うわ、間違えた――つうかどこに売ってんだよ、そんなの、そう思ったのだけれども、もはやあとにはひけない。「わお、そのヘッドホン超いか――じゃなくて、超イケてんじゃん。どこで買ったの? メルカリ? アマゾン? それとも彼氏からの誕生日プレゼント?」と俺はつづけた。

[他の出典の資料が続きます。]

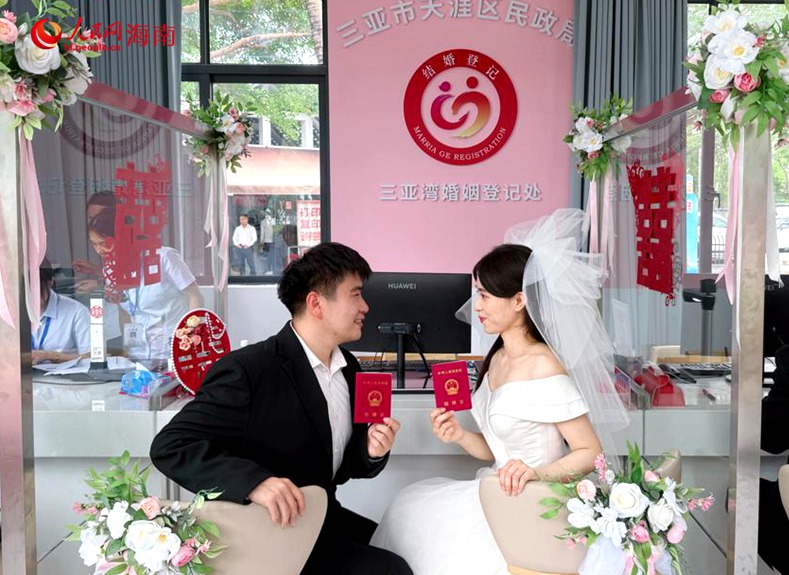 天涯区依托椰梦长廊滨海风光举办“爱在海南，心动告白”集体颁证仪式。人民网 熊淑婷摄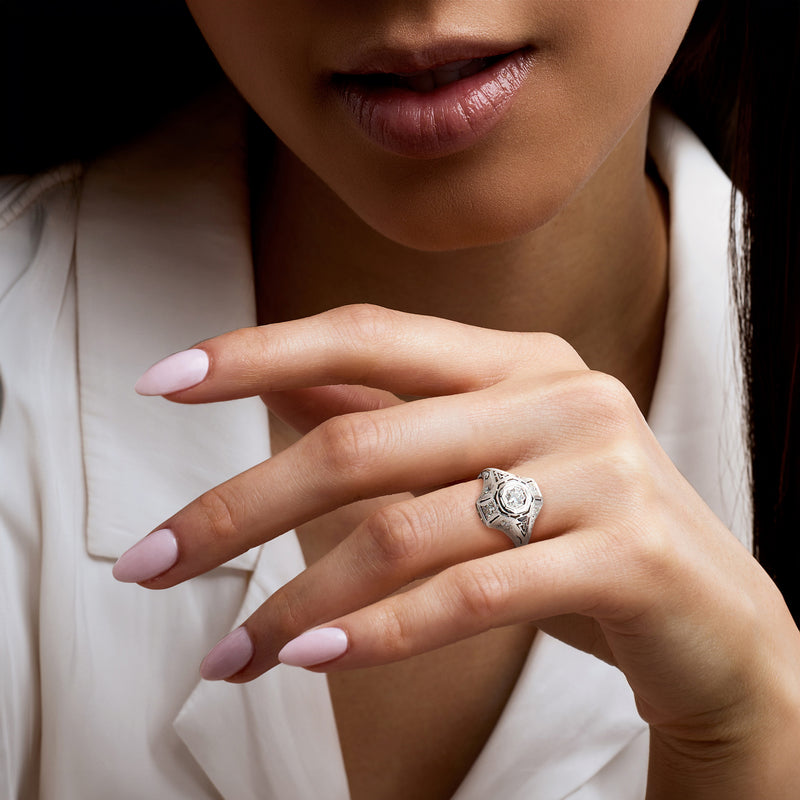 Diamond ring on finger with ornate 18kt white gold setting and bezel-set center stone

「はっ」けれども、やはり彼女の反応は相変わらずだった。きわめて薄い反応だ。はたして俺の言葉はどの辺りまで届いているのだろう。

ヘッドホンはひくほどいかついけれど、それ以外の風貌から察すると、おそらくキャバ嬢だろう。顔からはみ出るほどのグラサンをかけて、丹念に巻かれたベージュの髪は、後ろの方で束ねられている。琥珀色の薄手のパーカーを羽織り、黒くて短いひらひらのスカートからは、二本の黒い網タイツが伸びている――その先端にはパンプス。パーカーのポケットにしまわれた左腕にはシャネルのバッグがぶら下がっている。